Estas plantas trepadeiras podem danificar as suas paredes: quais são as adequadas para criar uma parede verde?
Algumas plantas trepadeiras alargam fendas e levantam o reboco; outras simplesmente encostam-se à parede, crescem sem deixar marcas e coexistem em harmonia com paredes e fachadas.

A ideia de cobrir uma parede com plantas trepadeiras geralmente vem acompanhada de uma pergunta muito pertinente: as paredes podem ser danificadas? A resposta não é um simples 'sim' ou um tranquilizador 'não'. Tudo depende da espécie, do tipo de superfície e do estado atual do edifício.
O problema surge quando o reboco está deteriorado, rachado ou húmido. Nesses casos, pequenas raízes podem penetrar nas rachas, aumentando-as e fazendo com que a tinta ou o reboco descasquem. Além disso, ao cobrirem a superfície, podem reter humidade e dificultar a secagem natural da parede após a chuva.

Outro ponto a considerar é o peso. Algumas trepadeiras desenvolvem caules lenhosos e uma grande massa de folhagem. Se não forem controladas com podas regulares, esse peso extra pode danificar cercas, calhas ou estruturas leves. Elas também costumam invadir aberturas, obstruir grelhas de ventilação ou crescer através de caixilhos de janelas se não forem guiadas.
Entre as espécies que exigem mais cuidado estão a hera comum (Hedera helix), a hera unha-de-gato (Ficus pumila) e a hera-americana (Parthenocissus quinquefolia).

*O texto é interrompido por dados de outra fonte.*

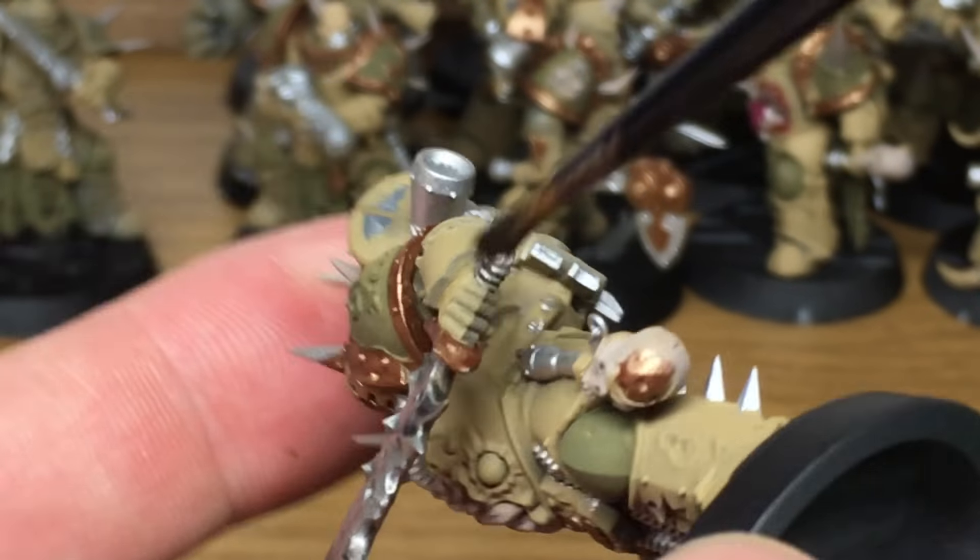Last thing that we're going to be doing is using a little bit of Citadel Leadbelcher, just to go over some of the edges where the blades will have been worn during combat and what have you, like so. And there we have the finished plague knife.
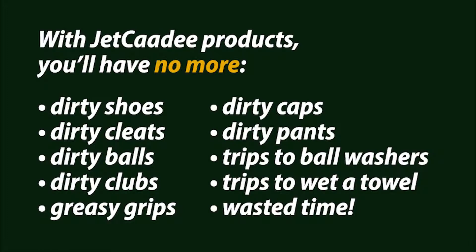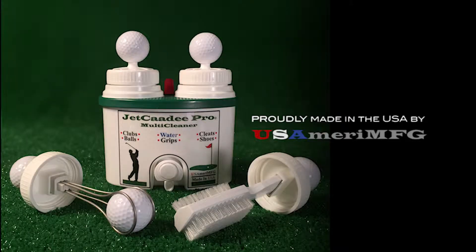With Jet Caddy products, you'll have no more dirty shoes, dirty cleats, dirty balls, dirty clubs, greasy grips, dirty caps, dirty pants, trips to the ball washers, trips to a wet towel, and wasted time. Jet Caddy Pro — it's every golfer's dream.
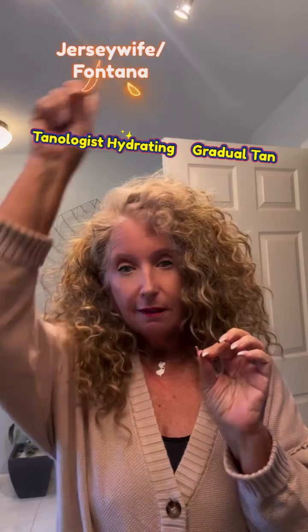Tanologist — it was nine bucks. I used my coupons and I think Amazon has it for nine something if you subscribe. This is Fontana just telling you how to get self-tan for the winter. I hate the winter. I'm a summer baby.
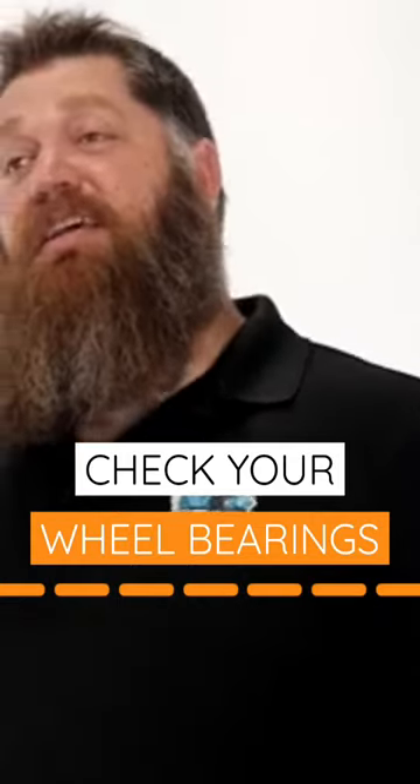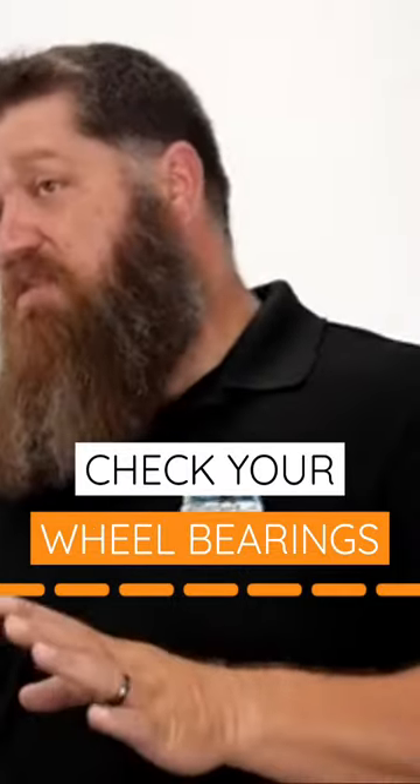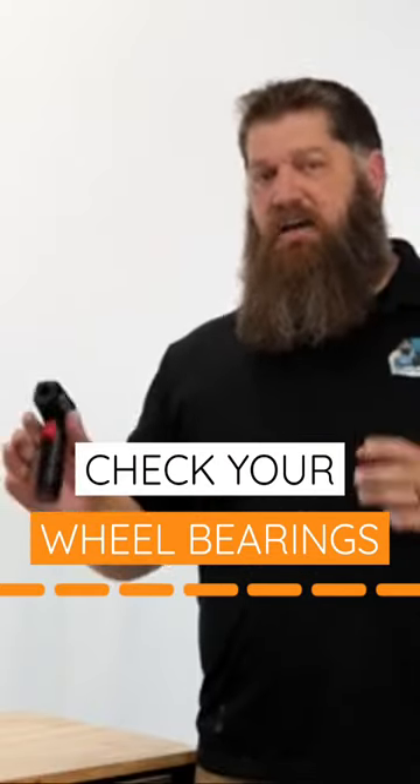Talking wheel bearings. Little known fact, a lot of people don't do this, but we need to check our wheel bearings often. How we do that is with an infrared gun. What we're looking for is an even amount of heat between all the wheel bearings. One side maybe 110, the other side maybe 109 — you're fine.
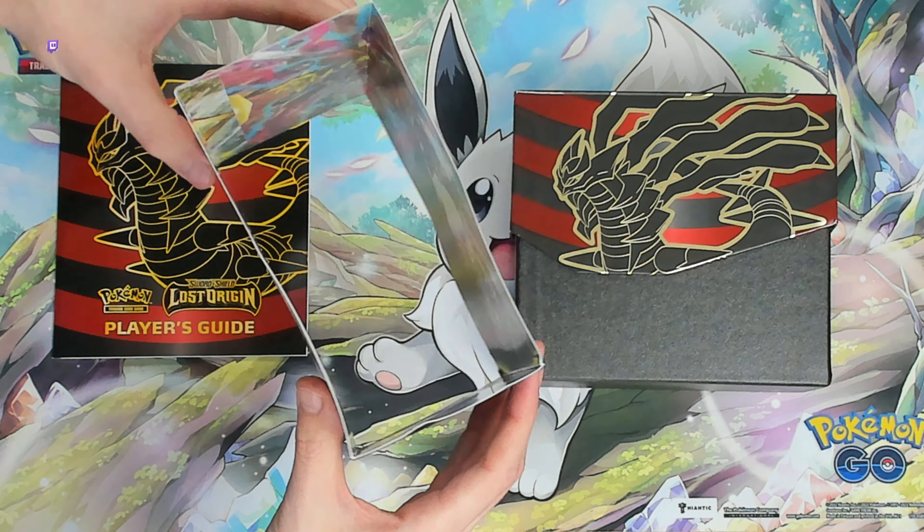Inside we have the player's guide right here, walking us through everything we know about the Lost Origin set, complete card list as well towards the back. This unfolds to reveal really nice artwork.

A hera comum fixa-se com raízes aéreas muito fortes e, embora tenha uma aparência espetacular, pode soltar o reboco frágil ao ser removida. A hera unha-de-gato, de crescimento rápido, adere fortemente a superfícies porosas e é difícil de remover sem deixar marcas. A hera-americana, embora geralmente não danifique a parede em si, desenvolve caules grossos e pesados que precisam de suportes resistentes e podas frequentes.
Que plantas são as ideais?
No entanto, nem todas as plantas trepadeiras se comportam dessa maneira. Muitas espécies não se fixam diretamente na parede e, portanto, não a danificam.
Estas plantas trepam usando caules volúveis, gavinhas ou simplesmente agarrando-se a estruturas externas. Nestes casos, o essencial é fornecer-lhe suporte adequado e mantê-las afastadas da parede.
O jasmim amarelo (Jasminum mesnyi), por exemplo, enrosca em treliças, fios ou estruturas de madeira sem precisar de se agarrar ao gesso.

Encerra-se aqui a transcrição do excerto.